Our rating: 4.0/5 — A politically charged Harry Bosch thriller in which Bosch investigates the murder of a lawyer who sued the LAPD, a racially explosive case that could ignite the city and forces him to investigate his own.
Frequently Asked Questions
What is "Angels Flight" about?
A crusading civil-rights attorney who made his name suing the LAPD is shot dead on the Angels Flight funicular railway. Harry Bosch catches a case that could set the whole city alight — and that forces him to investigate the police department he serves, knowing the wrong answer could spark a second Los Angeles riot.

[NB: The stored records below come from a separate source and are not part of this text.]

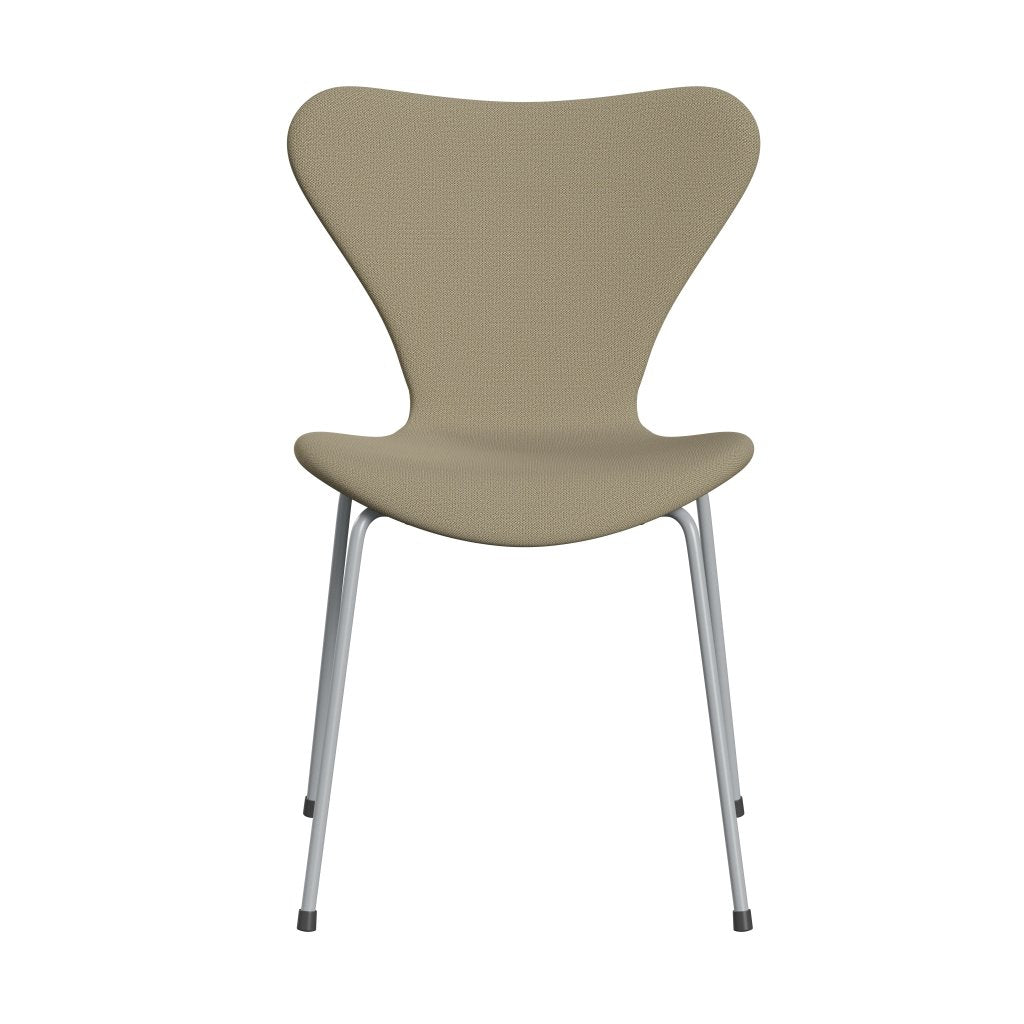 Fritz Hansen 3107 Silla tapicería completa, color de arena de gris plateado/captura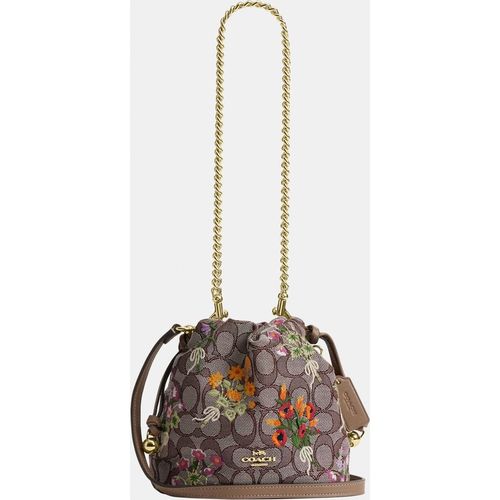 Coach Womens Faye Mini Drawstring Bag In Signature Jacquard With Floral Embroidery - Brown - One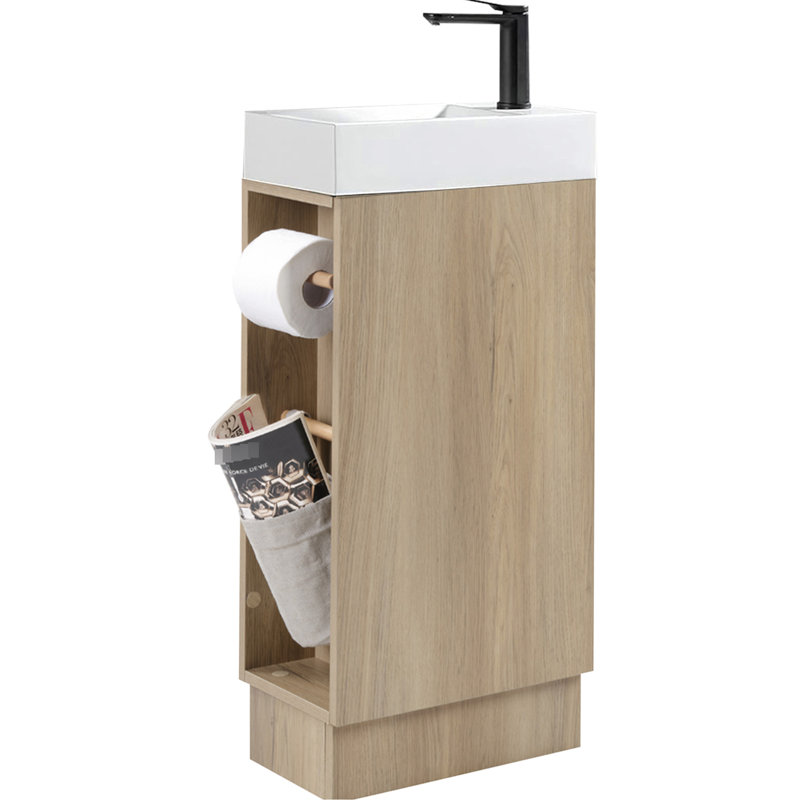 Petit meuble-lavabo de salle de bain en frêne naturel de 16 pouces avec portes à fermeture douce et nombreuses poignées de rangement dissimulées organisées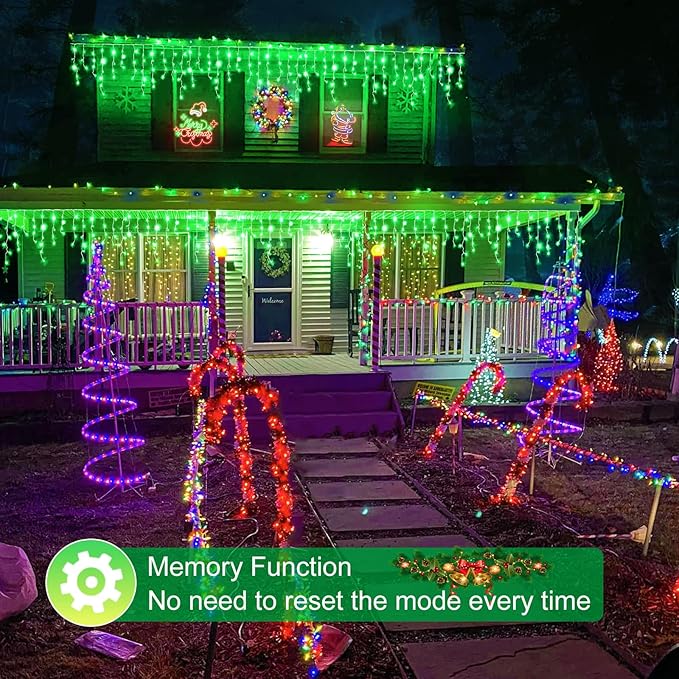 Green Christmas Lights Outdoor, 33ft 400 LED Icicle Lights for Outside House with Connectable Clear Wire 8 Modes Timer, Plug in Waterproof for Home Holiday Eaves Yard Party Room Indoor Decoration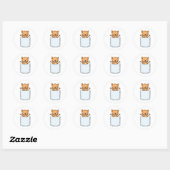 Schattigee kat in een zak ronde sticker (Vel)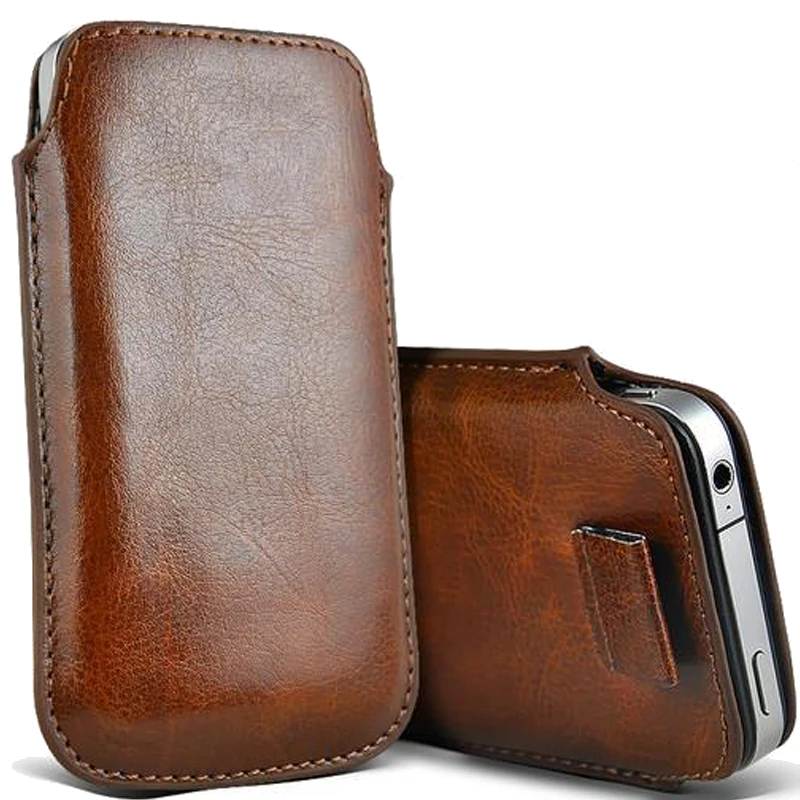 Elegant PU Leather Phone Pouch with Pull Tab Cover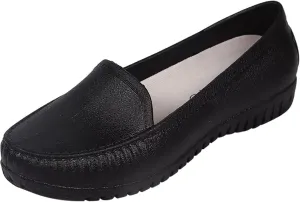 Women's Comfortable Leather Orthopedic Slip-On Loafers, Soft Walking & Driving Shoes, Business & Work Shoes for Women, White, One Size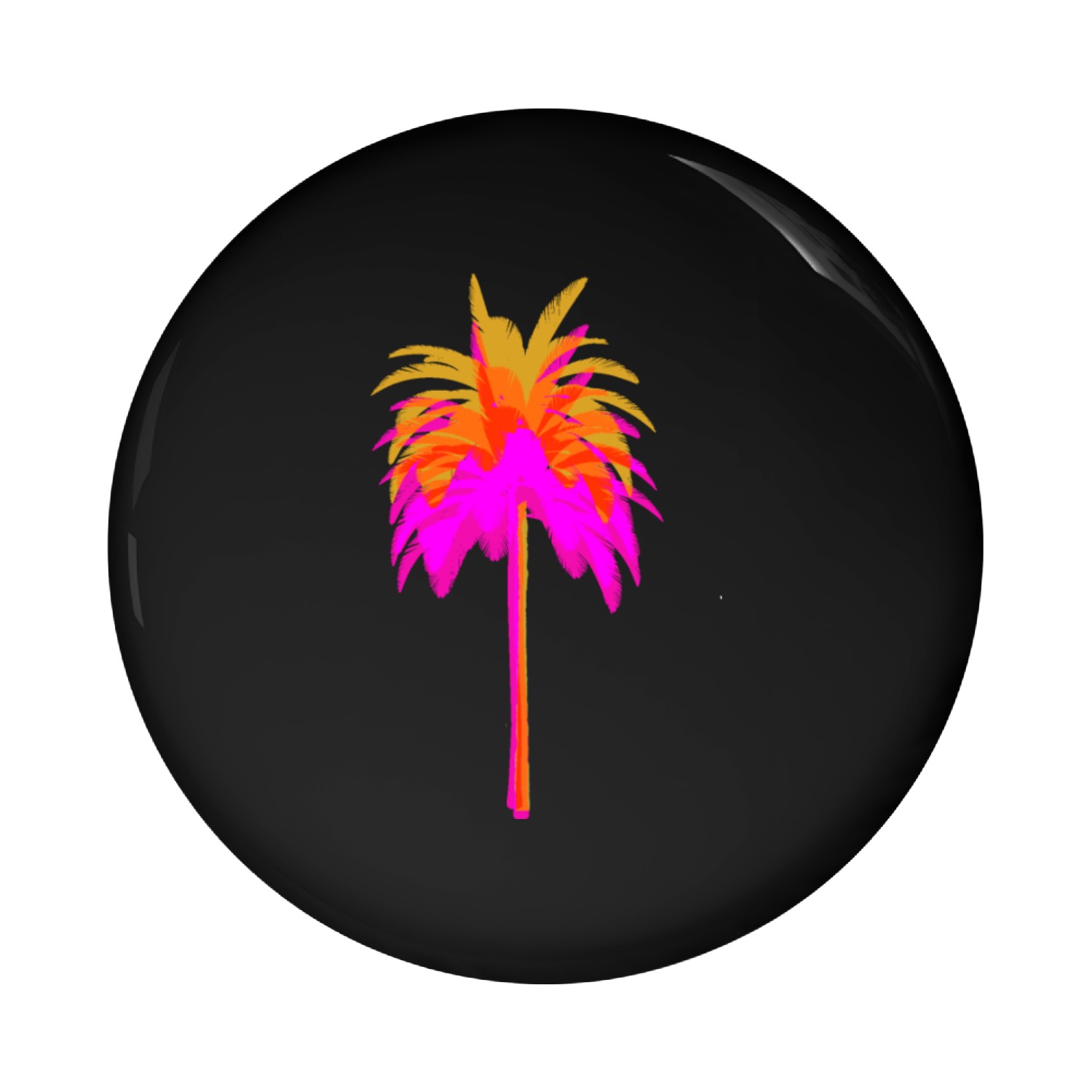 neon palm Pin Buttons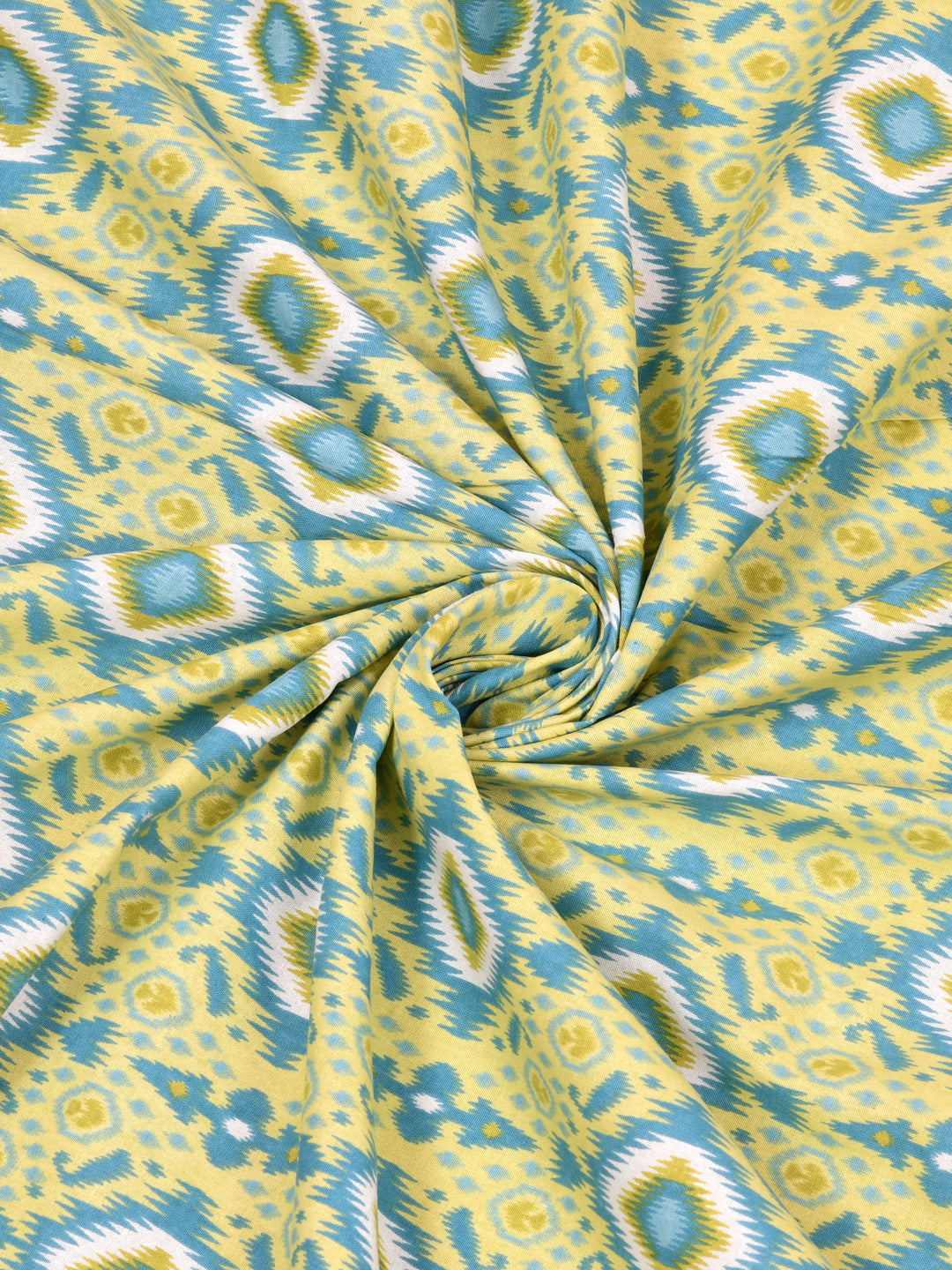 Ikat Print Super King Cotton Bedsheet with 2 Pillow Covers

Who should read "Angels Flight"?
Harry Bosch readers; fans of politically charged, socially serious crime fiction.
What are the key takeaways from "Angels Flight"?
Some cases can set a city alight A detective may have to investigate his own Public trust is fragile and easily broken Justice and politics are hard to separate
Is "Angels Flight" worth reading?
Angels Flight, the sixth Harry Bosch novel, drops Bosch into one of his most politically explosive cases: the murder of an attorney who specialized in suing the LAPD for misconduct. Connelly uses the racially charged investigation to examine police corruption, public trust, and a city on the edge, with Bosch caught in the middle.